Among the lines of the listing below, retype exactly those from the one containing "Work Aprons for" through the one containing "trycrush.ai Facebook ad: $520", both included. Do not include pictures.

======== SOURCE DATA

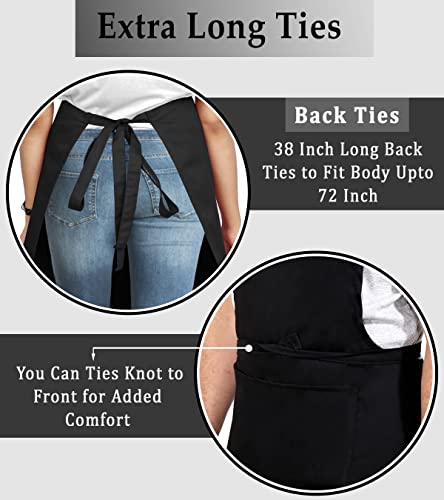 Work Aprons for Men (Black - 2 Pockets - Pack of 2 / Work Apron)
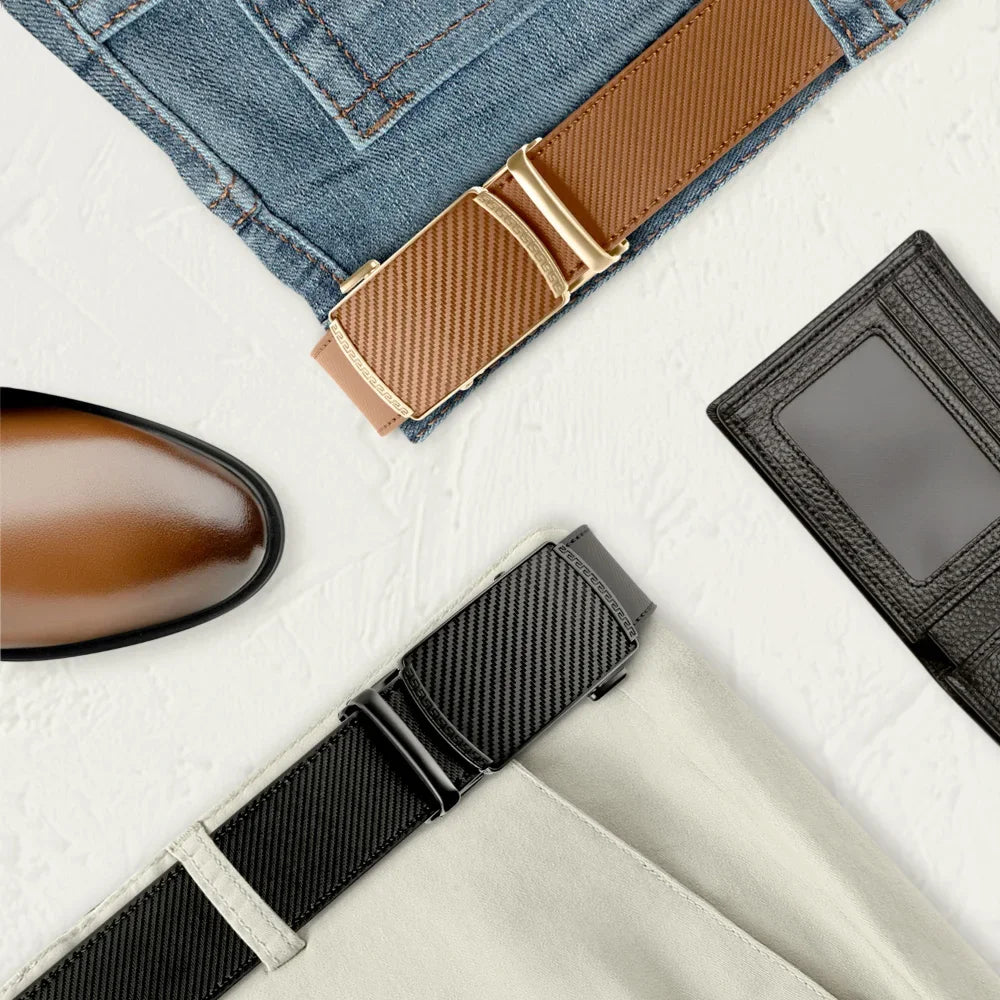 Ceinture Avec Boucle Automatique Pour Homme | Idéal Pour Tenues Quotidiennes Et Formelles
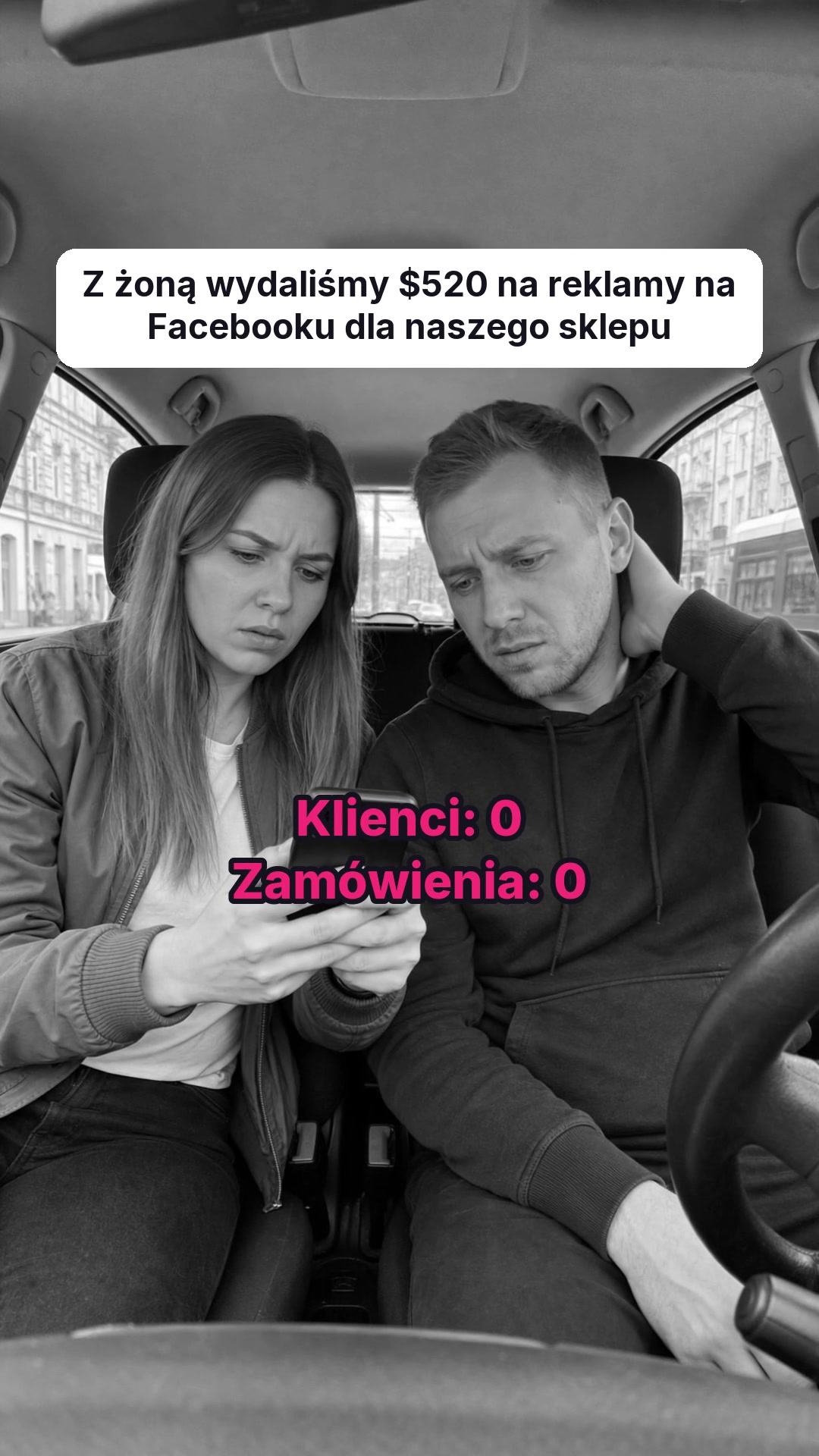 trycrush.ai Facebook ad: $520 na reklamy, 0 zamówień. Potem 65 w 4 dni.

================
======== SOURCE DATA

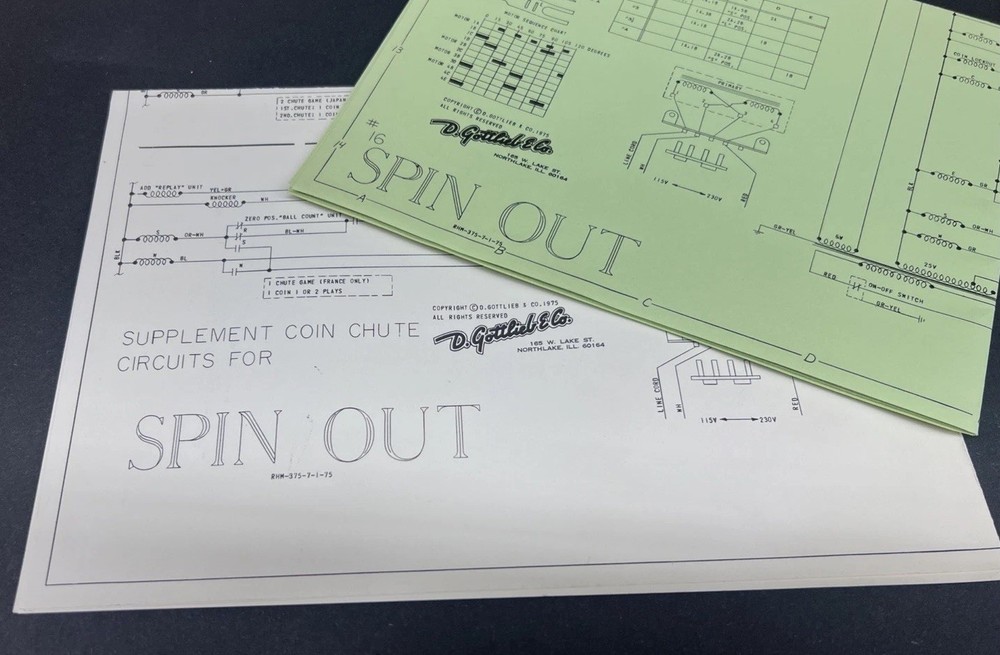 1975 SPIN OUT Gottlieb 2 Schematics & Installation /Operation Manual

================

SOLUTION TO THE EXERCISE |
 Work Aprons for Men (Black - 2 Pockets - Pack of 2 / Work Apron)
 Ceinture Avec Boucle Automatique Pour Homme | Idéal Pour Tenues Quotidiennes Et Formelles
 trycrush.ai Facebook ad: $520 na reklamy, 0 zamówień. Potem 65 w 4 dni.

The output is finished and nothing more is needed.